Bank Mergers and Acquisitions for Fiscal Year 2011-2012
On January 3, 2011, the acquisition statement and merger application filed on March 25, 2010, pursuant to Sections 36a-184 and 36a-126(a), respectively, of the Connecticut General Statutes, in connection with the indirect acquisition by Fairfield County Bank Corp., a federal holding company organizing as a subsidiary holding company of Fairfield County Bank, MHC, of 100% of the issued and outstanding shares of common stock of Fairfield County Bank were withdrawn. The acquisition was to take place through the merger of Fairfield Interim Bank, a bank organizing under federal law as a wholly-owned subsidiary of Fairfield County Bank Corp., with and into Fairfield County Bank.
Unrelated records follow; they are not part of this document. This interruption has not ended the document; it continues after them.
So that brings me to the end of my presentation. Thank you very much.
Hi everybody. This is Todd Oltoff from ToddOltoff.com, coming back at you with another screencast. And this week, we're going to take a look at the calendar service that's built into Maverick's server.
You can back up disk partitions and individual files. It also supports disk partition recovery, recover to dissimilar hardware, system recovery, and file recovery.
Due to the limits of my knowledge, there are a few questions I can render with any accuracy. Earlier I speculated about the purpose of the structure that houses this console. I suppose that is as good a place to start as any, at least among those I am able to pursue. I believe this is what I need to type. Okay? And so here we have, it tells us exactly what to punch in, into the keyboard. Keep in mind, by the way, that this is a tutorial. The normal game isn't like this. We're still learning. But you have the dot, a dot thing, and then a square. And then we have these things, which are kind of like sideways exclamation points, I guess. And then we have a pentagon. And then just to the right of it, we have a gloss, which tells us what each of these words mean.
On January 27, 2011, the application filed on April 28, 2010, and subsequently amended on July 15, 2010, by GAP V Bankvest, LLC, Greenfield Acquisition Partners V, L.P., GAP V Management, LLC, Greenfield Partners, LLC, and Eugene A. Gorab, pursuant to Section 36a-184 of the Connecticut General Statutes, to acquire approximately 24.9% of the voting securities of Alcar LLC, and indirectly approximately 22% of the voting securities of Darien Rowayton Bank, a Connecticut Bank, was withdrawn.
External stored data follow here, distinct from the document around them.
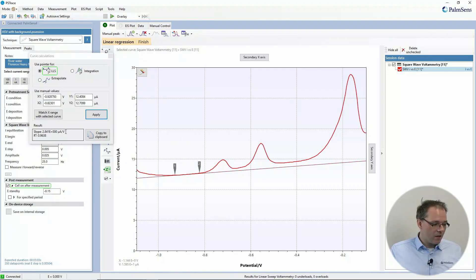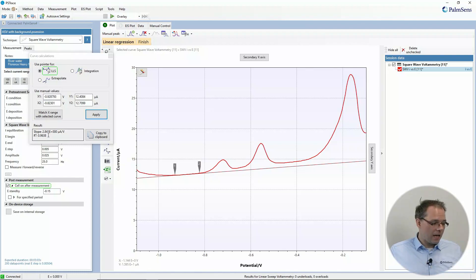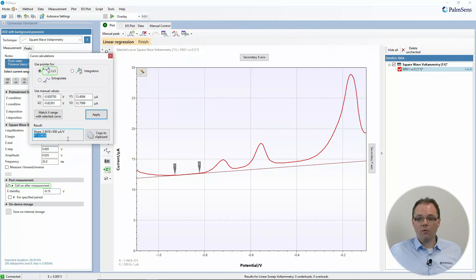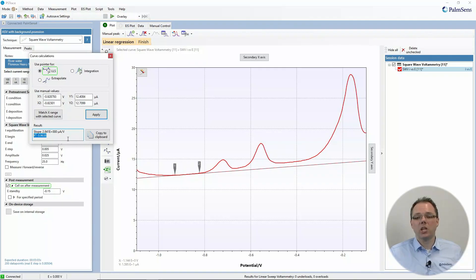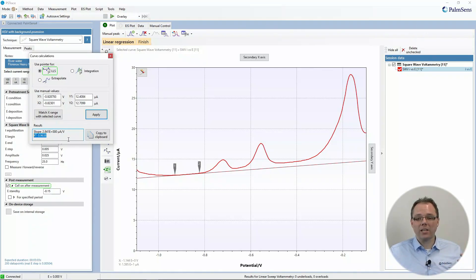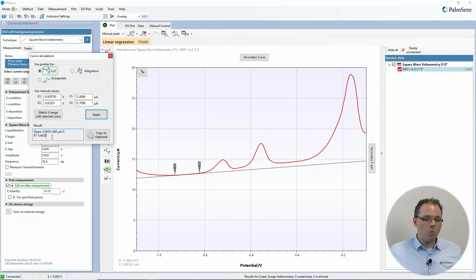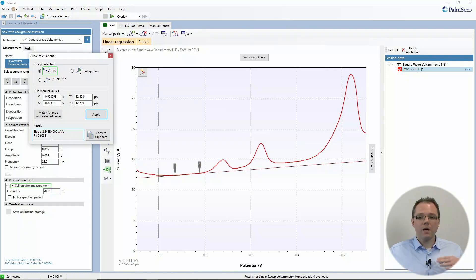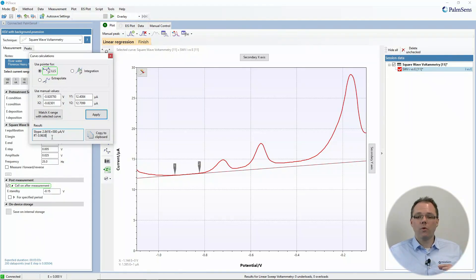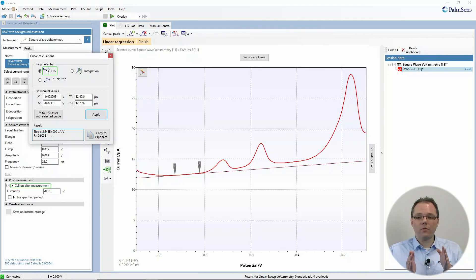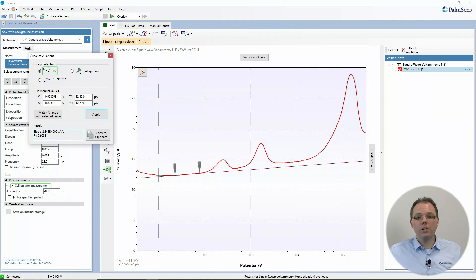As a result, we do get the slope of this line and we do get the r square. So the coefficient that gives an indication of how close the data points actually are to a real line. A perfect real line would give you a one or two and everything below. And the further it is away, the further your data points are from a real line.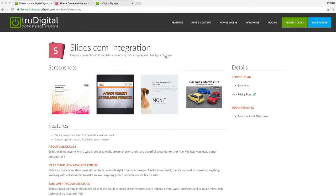Hello, this is Michael Pine over at True Digital Signage, and today I'm going to walk you through how to use our latest integration with Slides.com.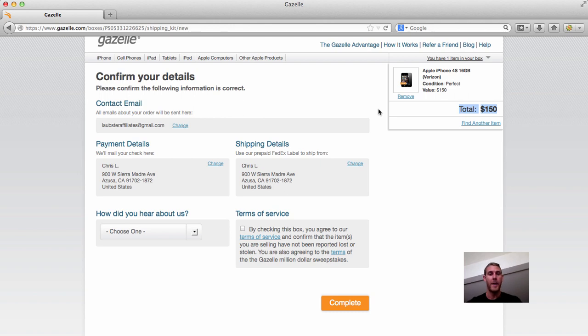So that is all for today. If you use the link below, you will get free back and forth shipping and an extra $10 on selling your phone, and have a good day.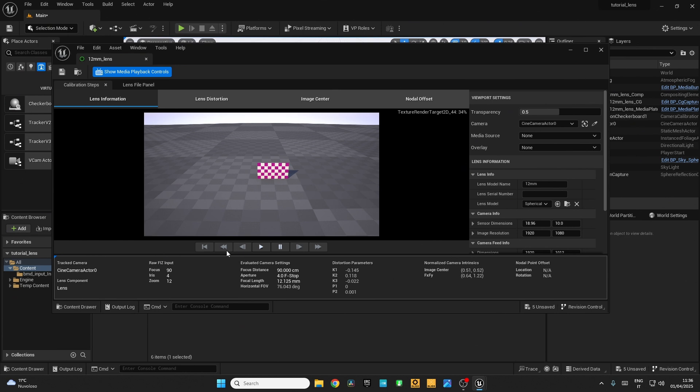So this is how you calibrate your lens for Unreal Engine. You can migrate this lens file to other projects and use it in any project. In the next video I will show you how to find the perfect nodal offset. Thanks for watching.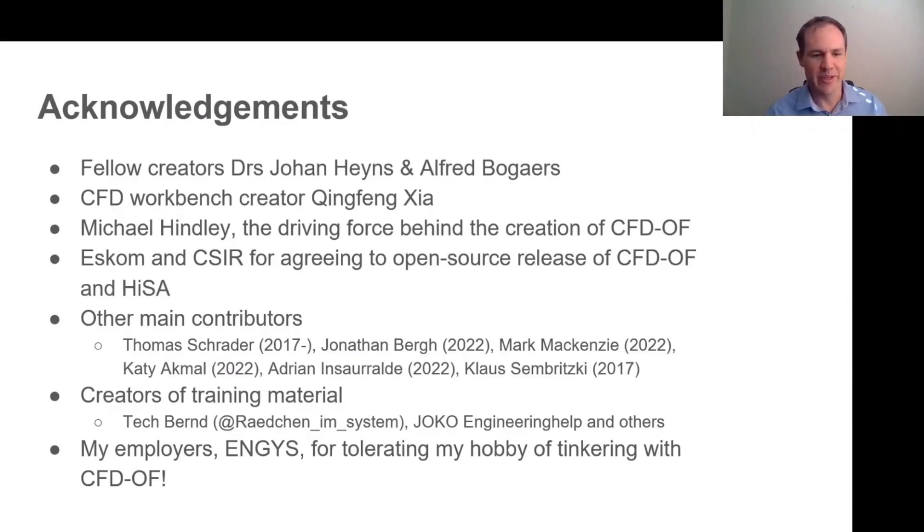Finally, I'd just like to thank my employer, Engys, for tolerating my hobby of tinkering around with CFD. So that is a very quick intro to the workbench. I hope you'll go and try it out for yourself. Thank you for your attention.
On April 17, 2012, pursuant to Section 36a-411 of the Connecticut General Statutes, the Commissioner approved the acquisition by Berkshire Hills Bancorp, Inc., a savings and loan holding company with its principal place of business in Massachusetts, for the acquisition of 100 percent of the voting securities of The Connecticut Bank and Trust Company, a Connecticut-chartered bank and trust company, and, pursuant to Section 36a-185 of the Connecticut General Statutes, issued a notice of intent not to disapprove such acquisition. Also on April 17, 2012, the Commissioner, pursuant to Section 36a-412(a)(1) and 36a-125 of the Connecticut General Statutes, approved the merger of The Connecticut Bank and Trust Company, with and into Berkshire Bank, a Massachusetts savings bank and a wholly-owned subsidiary of Berkshire Hills Bancorp, Inc.
On December 2, 2011, pursuant to Section 36a-412(a)(2) and 36a-145(c)(1) of the Connecticut General Statutes, Evolve Bank & Trust, an Arkansas banking corporation with its main office in
West Memphis, Arkansas, received approval to establish a limited branch at 30 Main Street, Suite 200, Danbury, Connecticut to be operated as a loan production office.
On December 23, 2011, pursuant to Section 36a-185 of the Connecticut General Statutes, the Commissioner issued a notice of intent not to disapprove the indirect acquisition by ING Investment Management Co. LLC, a newly-formed Delaware limited liability company, of 100% of the issued and outstanding shares of common stock of ING Investment Trust Co., a Connecticut-chartered trust bank, headquartered in Windsor, Connecticut, through the merger of its parent, ING Investment Management Co., with and into ING Investment Management Co. LLC.
On December 23, 2011, the Commissioner, pursuant to Section 36a-125 of the Connecticut General Statutes and Section 15 of Connecticut Public Act No. 11-50, approved the merger of Northern Trust Global Advisors, Inc., a Delaware corporation, with and into its wholly-owned subsidiary, The Northern Trust Company of Connecticut, a Connecticut-chartered bank and trust company headquartered in Stamford, Connecticut.